Retype, word for word, every line of the records below starting at the one that contains "Audi TT 2014" and ending at the one that contains "фото thumb №1, Opel"; include both of those lines and nothing more.

┏━━

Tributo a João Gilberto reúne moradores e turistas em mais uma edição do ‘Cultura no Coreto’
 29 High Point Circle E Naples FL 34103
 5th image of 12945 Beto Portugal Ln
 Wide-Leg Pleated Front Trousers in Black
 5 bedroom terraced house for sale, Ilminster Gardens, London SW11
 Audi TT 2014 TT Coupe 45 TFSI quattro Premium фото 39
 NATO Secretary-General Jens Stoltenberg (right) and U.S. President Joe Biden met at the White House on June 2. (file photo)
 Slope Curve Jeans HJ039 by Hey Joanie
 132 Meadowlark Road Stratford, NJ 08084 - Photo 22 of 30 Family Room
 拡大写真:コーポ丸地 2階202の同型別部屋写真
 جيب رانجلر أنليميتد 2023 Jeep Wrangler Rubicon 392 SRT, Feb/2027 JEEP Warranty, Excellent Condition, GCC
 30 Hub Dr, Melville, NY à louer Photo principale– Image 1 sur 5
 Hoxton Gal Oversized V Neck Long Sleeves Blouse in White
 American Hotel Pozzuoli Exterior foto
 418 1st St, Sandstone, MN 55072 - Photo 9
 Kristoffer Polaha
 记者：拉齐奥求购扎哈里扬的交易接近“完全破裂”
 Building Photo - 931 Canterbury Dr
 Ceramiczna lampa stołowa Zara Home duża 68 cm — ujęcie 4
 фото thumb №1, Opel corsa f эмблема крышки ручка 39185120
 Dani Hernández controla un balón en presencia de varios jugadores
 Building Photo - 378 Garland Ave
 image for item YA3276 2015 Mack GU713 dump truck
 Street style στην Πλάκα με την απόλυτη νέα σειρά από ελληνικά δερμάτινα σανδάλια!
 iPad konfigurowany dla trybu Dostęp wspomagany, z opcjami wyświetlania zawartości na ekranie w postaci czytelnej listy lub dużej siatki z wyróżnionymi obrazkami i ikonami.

┗━━

## TASK OUTPUT
 Audi TT 2014 TT Coupe 45 TFSI quattro Premium фото 39
 NATO Secretary-General Jens Stoltenberg (right) and U.S. President Joe Biden met at the White House on June 2. (file photo)
 Slope Curve Jeans HJ039 by Hey Joanie
 132 Meadowlark Road Stratford, NJ 08084 - Photo 22 of 30 Family Room
 拡大写真:コーポ丸地 2階202の同型別部屋写真
 جيب رانجلر أنليميتد 2023 Jeep Wrangler Rubicon 392 SRT, Feb/2027 JEEP Warranty, Excellent Condition, GCC
 30 Hub Dr, Melville, NY à louer Photo principale– Image 1 sur 5
 Hoxton Gal Oversized V Neck Long Sleeves Blouse in White
 American Hotel Pozzuoli Exterior foto
 418 1st St, Sandstone, MN 55072 - Photo 9
 Kristoffer Polaha
 记者：拉齐奥求购扎哈里扬的交易接近“完全破裂”
 Building Photo - 931 Canterbury Dr
 Ceramiczna lampa stołowa Zara Home duża 68 cm — ujęcie 4
 фото thumb №1, Opel corsa f эмблема крышки ручка 39185120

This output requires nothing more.